Concepts de base
The core message of this article is that missing data problems can be viewed as a form of causal inference, where the goal is to identify the complete data distribution from the observed data distribution by leveraging graphical representations and counterfactual reasoning.
Résumé
The article discusses the connections between causal inference and missing data problems, and how ideas from causal inference can be used to analyze and identify missing data models.
Key highlights:
- The authors introduce a counterfactual view of classical missing data models, where each missing variable is represented as a counterfactual variable that would have been observed had the corresponding missingness indicator been set to 1.

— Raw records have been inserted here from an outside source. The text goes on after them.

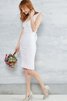 Robe de mariée naturel avec chiffon trou de serrure v encolure de longueur à genou - 3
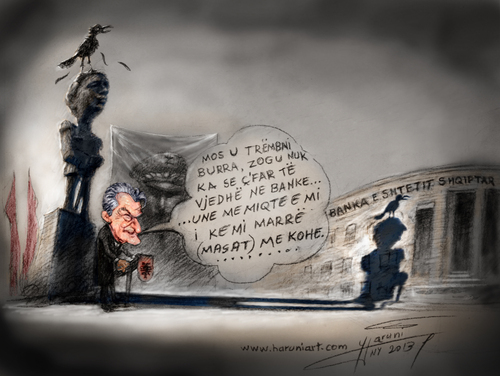 Cartoon: Sali Berisha ne Ahmet Zogun (medium) by ylli haruni tagged zogut,busti,monumenti,presidentialbania,shqiperise,mbreti,zogu,ahmet,berisha,sali,karikature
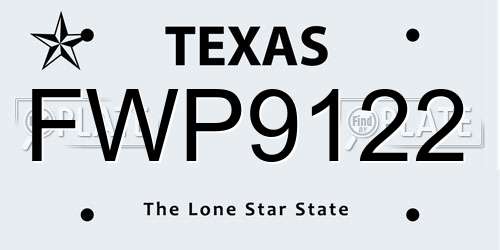 FWP9122 Texas License Plate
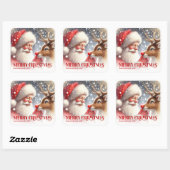 Sticker Carré Charming Santa Claus Rudolph Personalized Kids (Feuille)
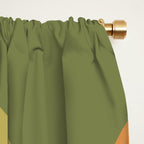 Modern Retro Liquid Swirl Abstract Pattern Square in Vintage Olive Green and Cantaloupe Orange Window Curtain Gallery Image 2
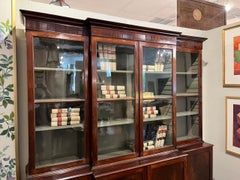 18th Century Mahogany Irish Library Cabinet with Original Glass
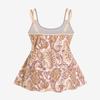 Rosegal Womens Plus Size Bohemian Paisley Print Tankini Swimwear with Boyshorts(Light Orange_1/2X) view 2
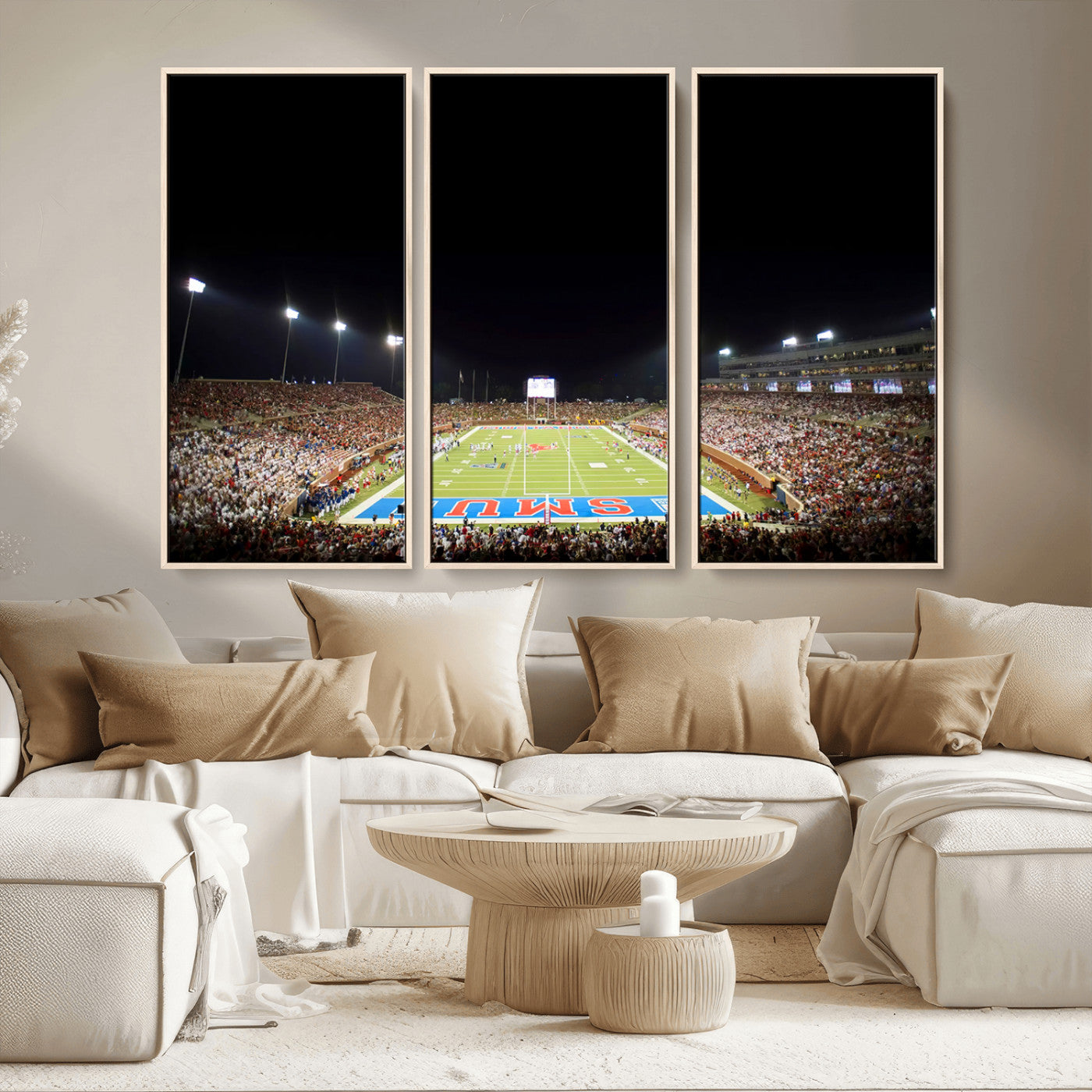 MGV-FC-48X32-3P - SMU Mustangs Football Team Print - Dallas Gerald J. Ford Stadium Wall Art Canvas Print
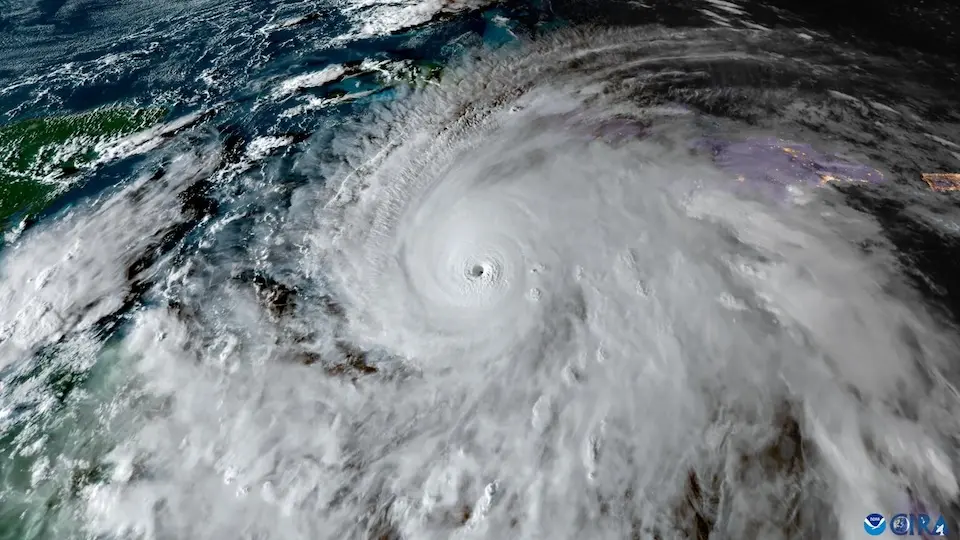 Sunlight fades on the powerful Hurricane Melissa in the Caribbean Sea on Oct. 27, 2025 in this satellite imagery provided by CIRA.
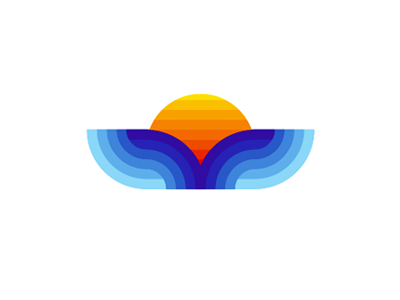 Whale tail / sea waves / sun, sunset, logo design symbol animals blue water flat 2d geometric logo logo design nature sea waves sun sunset vector icon mark symbol whale tail wild life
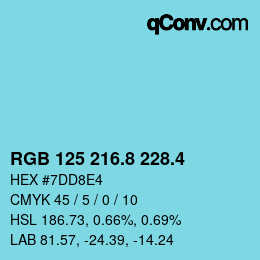 カラーコード: RGB 125 216.8 228.4 | qconv.com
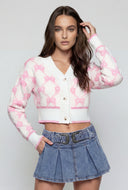 Boucle Bow Crop Cardigan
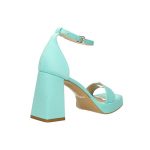 Elöl nyitott, kockasarkú türkiz szatén szandál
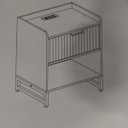 Fluted Night Stand Set 2 with Charging Station, Wood Nightstand with Large Drawer and Open Storage Cabinet, Mid-Century Modern Bedside Table End Table for Bedroom Closet Office, Reclaimed Light Oak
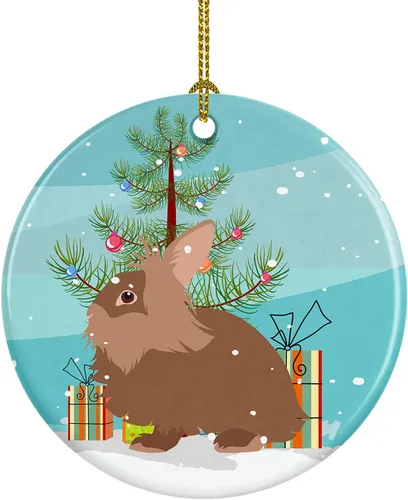 Miniatura 7 de Caroline's Treasures Adorno de cerámica de Navidad pintado o de codorniz chino, decoración colgante de árbol de Navidad verde azulado para el hogar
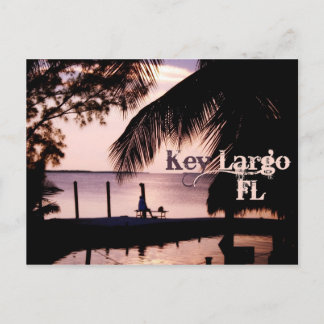 Nyckel Largo Florida Sunset Postcard Vykort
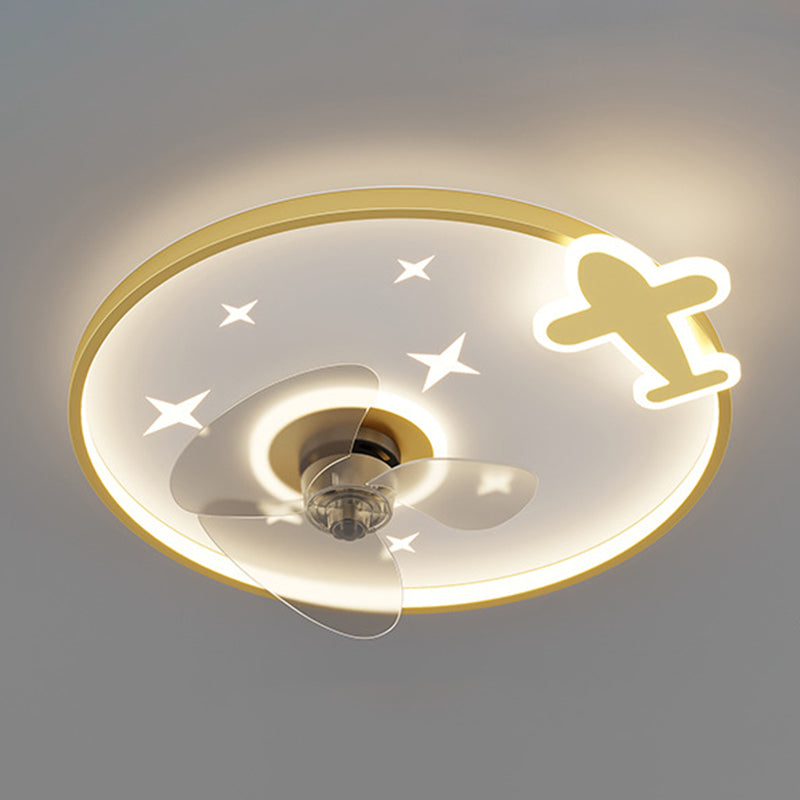 3-Blade LED Ceiling Fan Metallic Polish Finish Children Fan with Light for Hallway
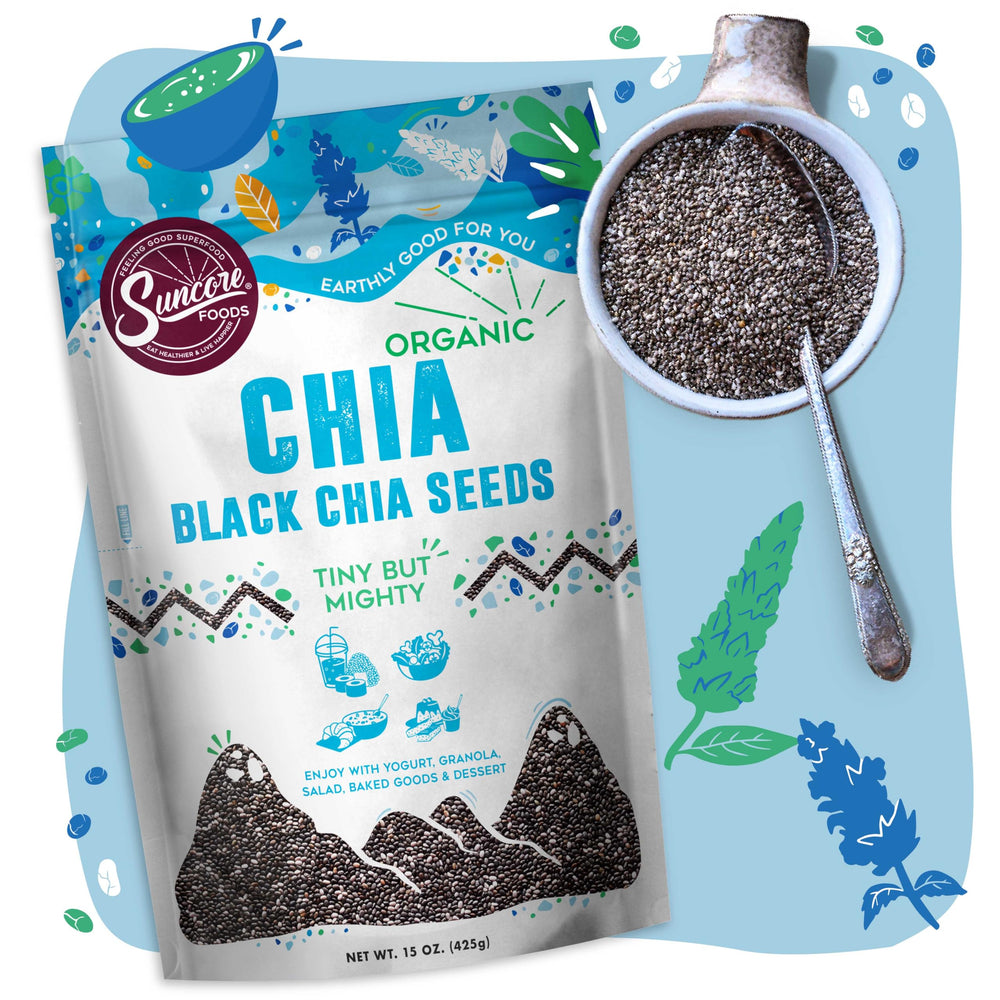 Suncore Foods chia pudding in bowl demonstrating thickening use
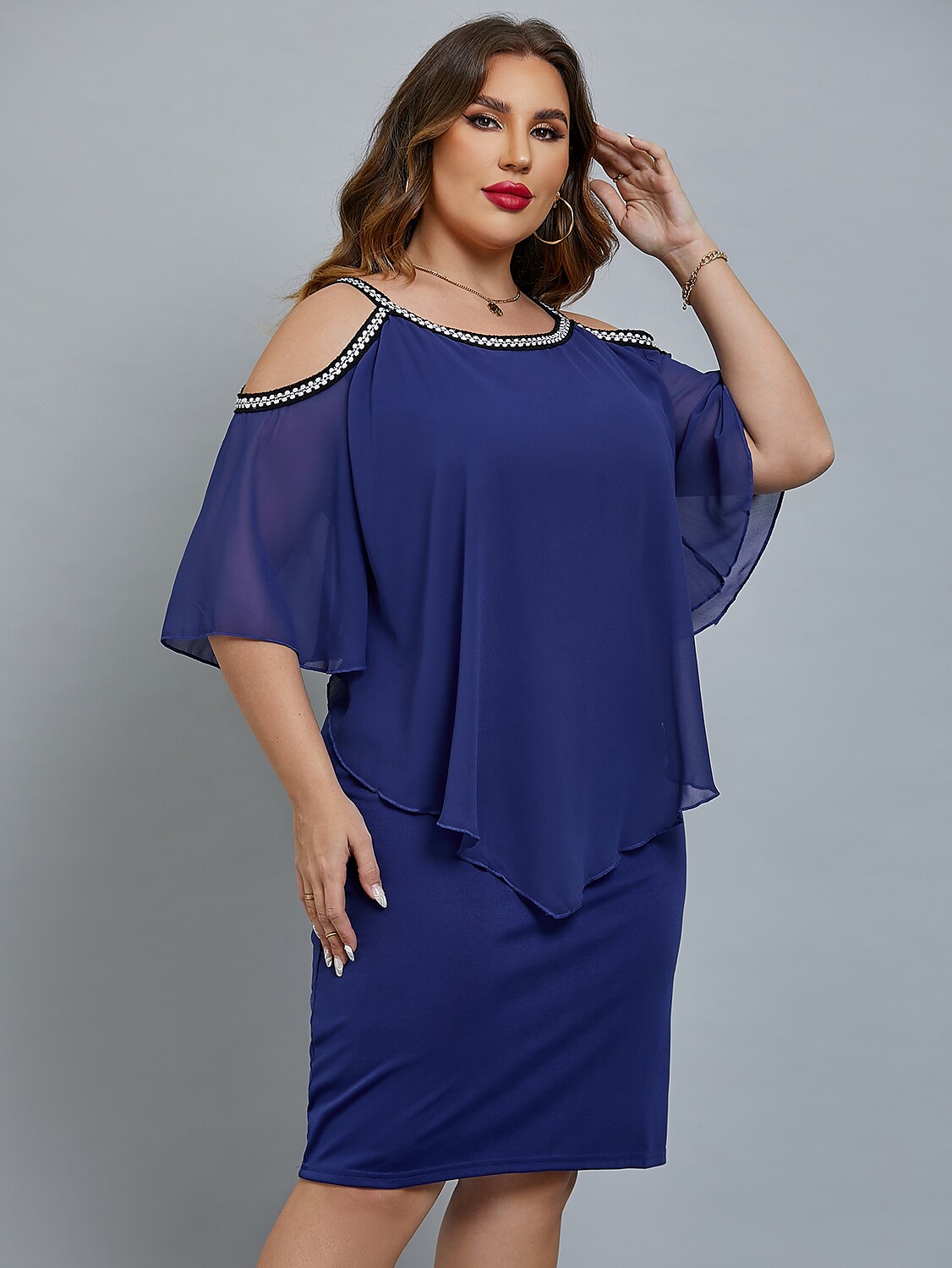 Women's Plus Size Curve Party Dress Solid Color Crew Neck Sequins Half Sleeve Fall Spring Elegant Sequins Prom Dress Midi Dress Formal Party Dress / Sequin Dress / Layered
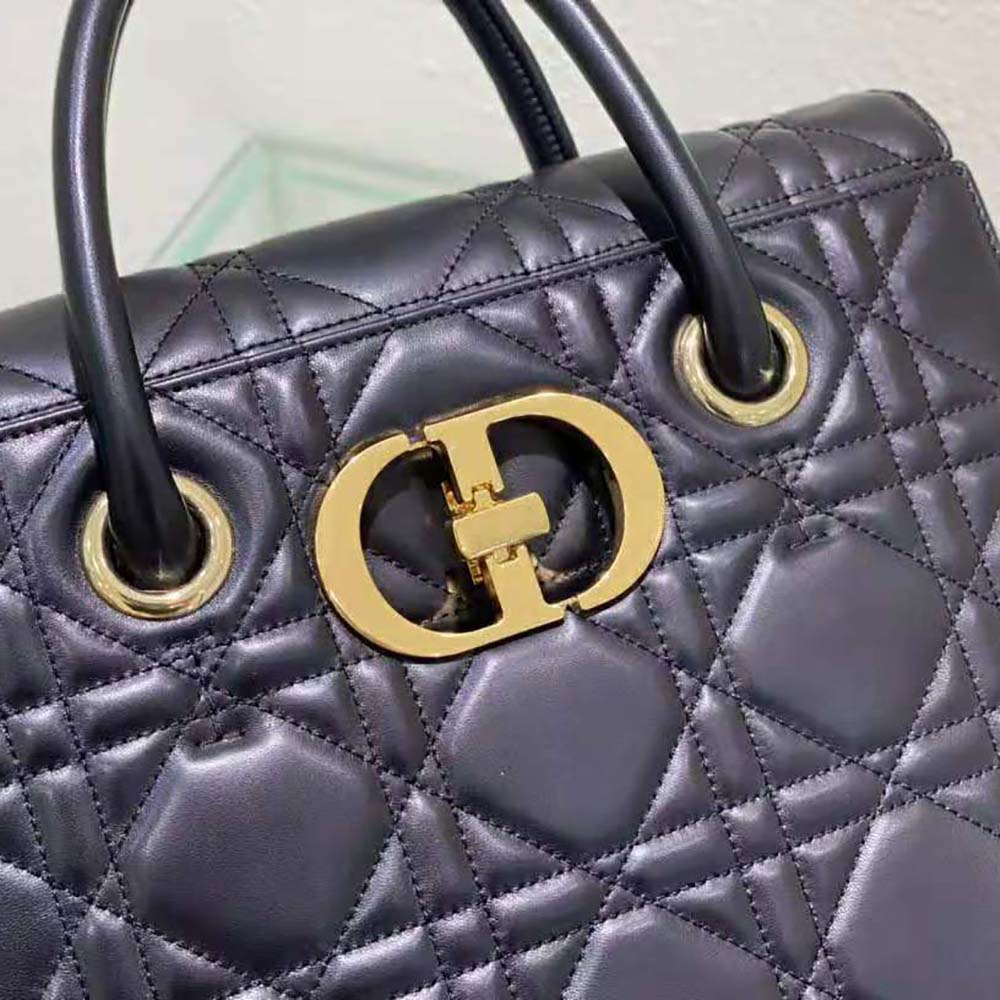 Dior Women Medium ST Honore Tote Black Macrocannage Lambskin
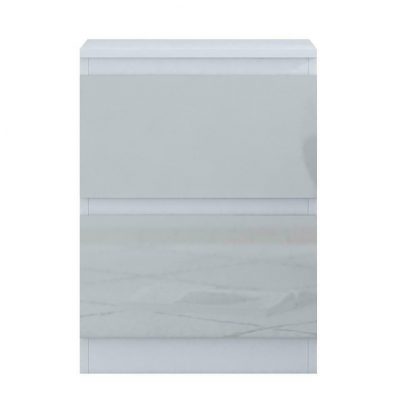 Stora Modern 2 Drawer Bedside Cabinet Gloss Grey & Matt White - Image 2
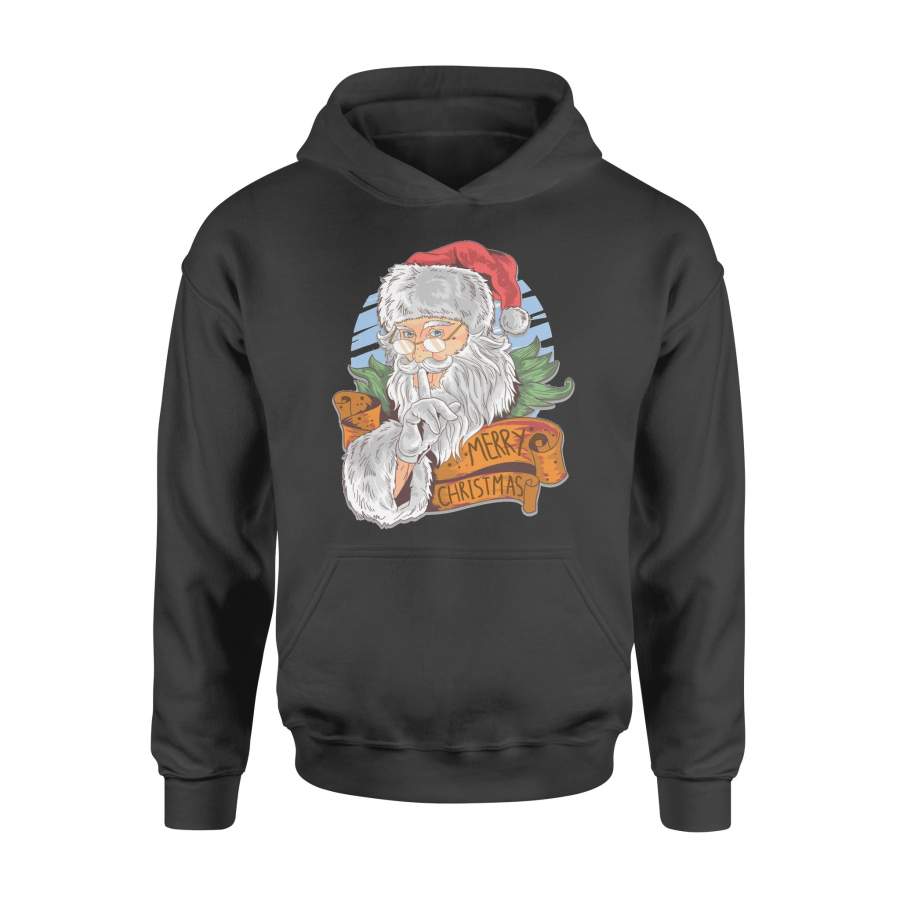Christmas Gift Idea Santa Claus Wears Glasses And Places His Finger On His Lips In A Silent Expression – Standard Hoodie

- The authors describe how directed acyclic graphs (DAGs) can be used to encode independence restrictions in both causal and missing data models, and how identification theory developed for causal inference can be adapted to missing data problems.
- The authors present a hierarchy of missing data DAG models, ranging from missing completely at random (MCAR) to missing not at random (MNAR), and discuss how the complexity of identification techniques required depends on the type of missingness mechanism.
- The authors review several examples of missing data DAG models from the literature, showing how the graphical representations can provide intuitive interpretations of the missingness mechanisms and facilitate identification of the target parameters.
- The authors suggest that ideas explored in missing data DAG models, combined with rank preservation assumptions, may lead to novel identification results in causal inference settings.